I'm willing to partner in a deal with them by providing some or all of the rehab money (just depends how big of a rehab). I'm also a licensed agent and they are not, so I can list the property when ready to go on the market and can save us at least 3% commission there (possibly even 6% if one of us found the new buyer).
However, I'm not sure how to structure the JV and how the deal would work. Wanted to ask you what you would do in this case or how it can be a fair, win/win deal.
Purchase Price $130k
Rehab $56k
ARV $240k
They'll be handling the rehab and have the contractors, they also have the Private Lender to fund the purchase. I can bring the rehab money to the table, but rather than just give a loan for interest, I'd rather partner and split profits in the end.
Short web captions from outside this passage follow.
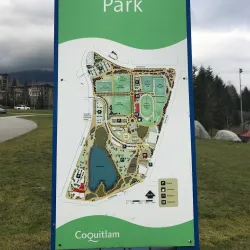 Town Centre Park - Coquitlam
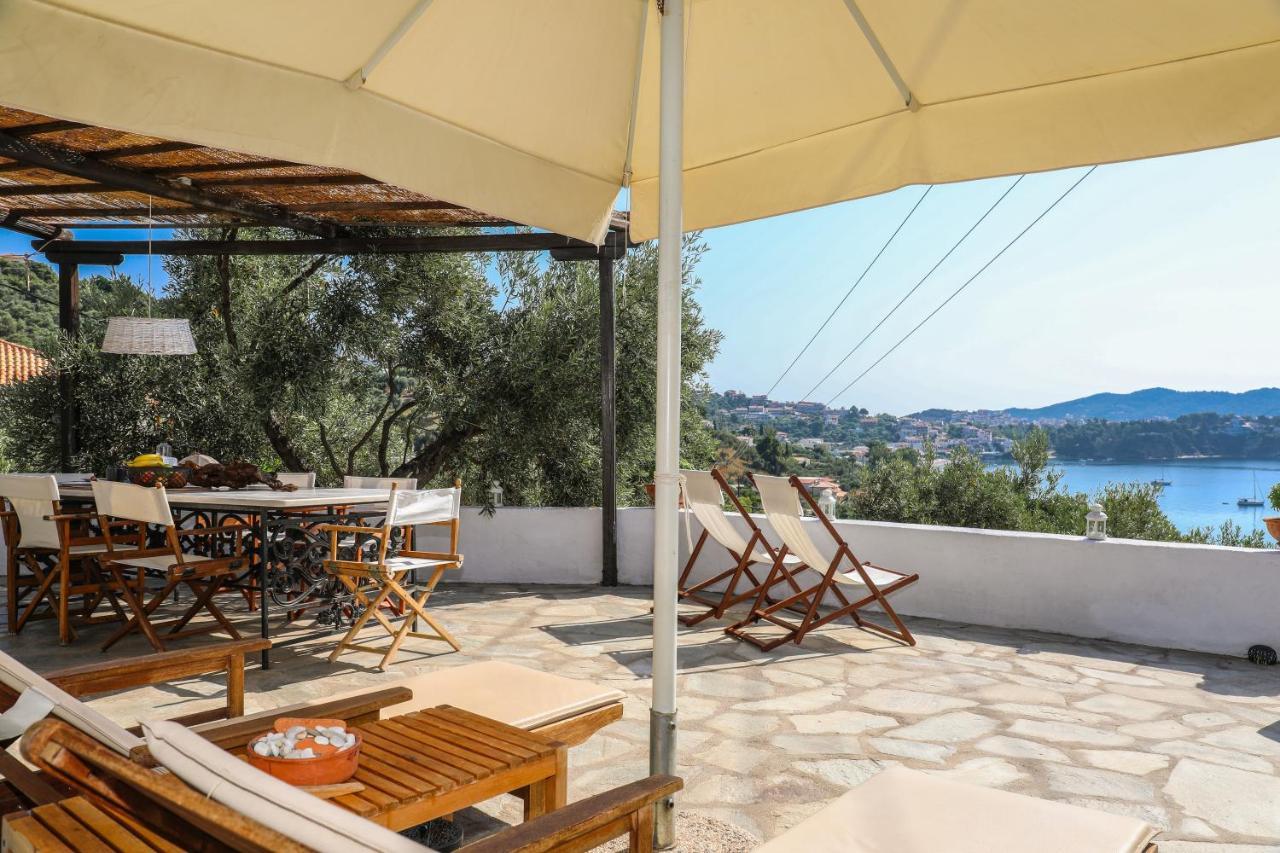 Golden View * Skiathos Town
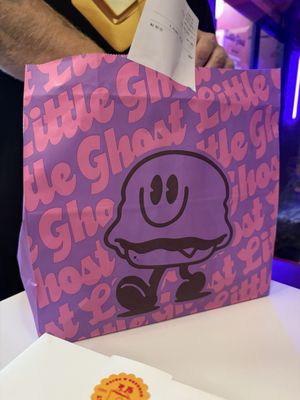 Little Ghost by null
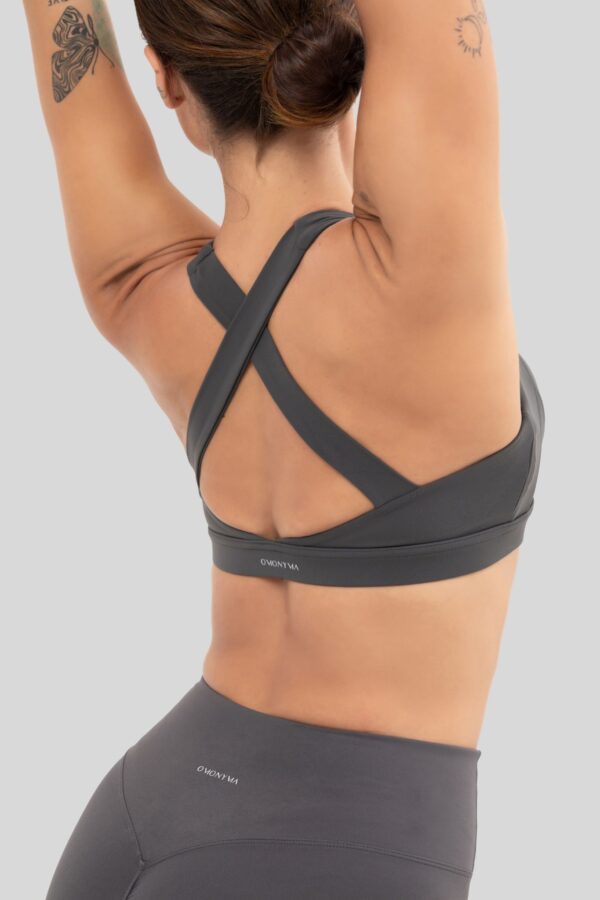 CrossBand Bra
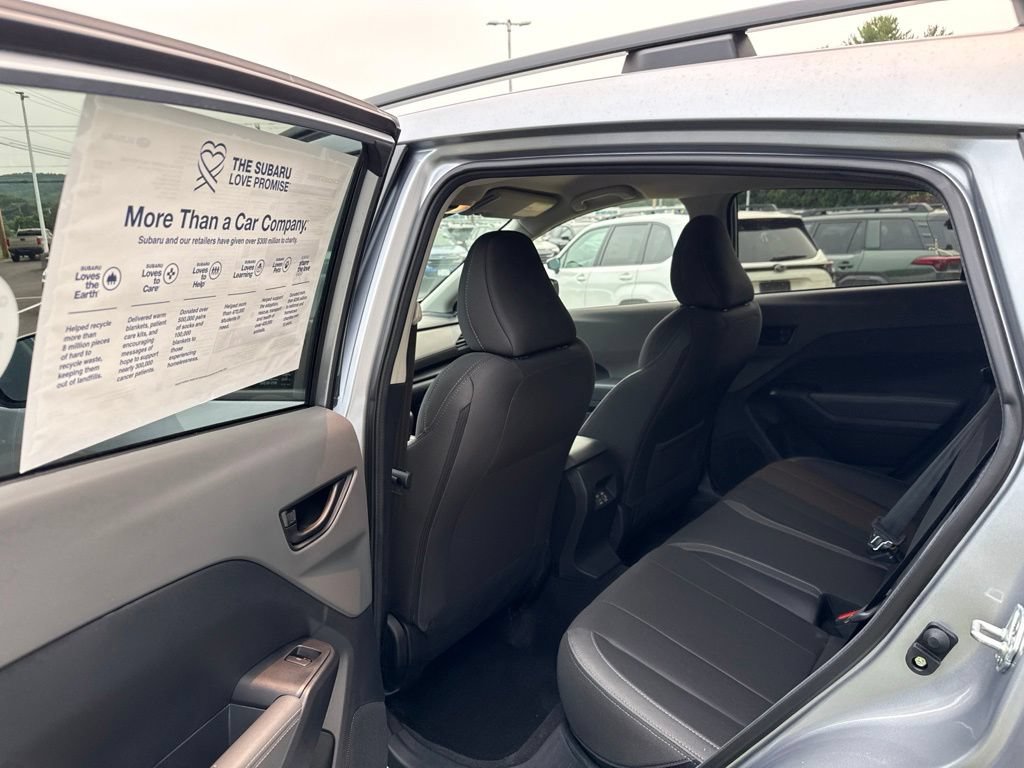 New 2026 Subaru Crosstrek 2.5i Premium AWD/4WD image 17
Thoughts on a fair profit split? How do I take title to the property to have a secured investment when I'm not the majority lender? Any other things I need to consider?
Most Popular Reply
so this is a hugely open question depending on motivations, situations financially at the moment for everyone and the current deal flow needed or wanted by your partners. So take these numbers as a starting point, not an absolute.
Many JVs have from a 50/50 split between the rehabber and the money partners to a 75/25 split (25 to money partner). Somewhere between these ranges is where you are likely to fall.
One thing to include in your JV as the money partner is some sort of floor of return if things go bad. You want to be sure your investment is protected and repaid first - so that in a worst case scenario you get paid first if there isn't money left
For us - we have a 15% floor of return. In other words if we are fronting the capital I want at least a 15% on my cost of capital. No funds get distributed to any partner until the principle and this return is met.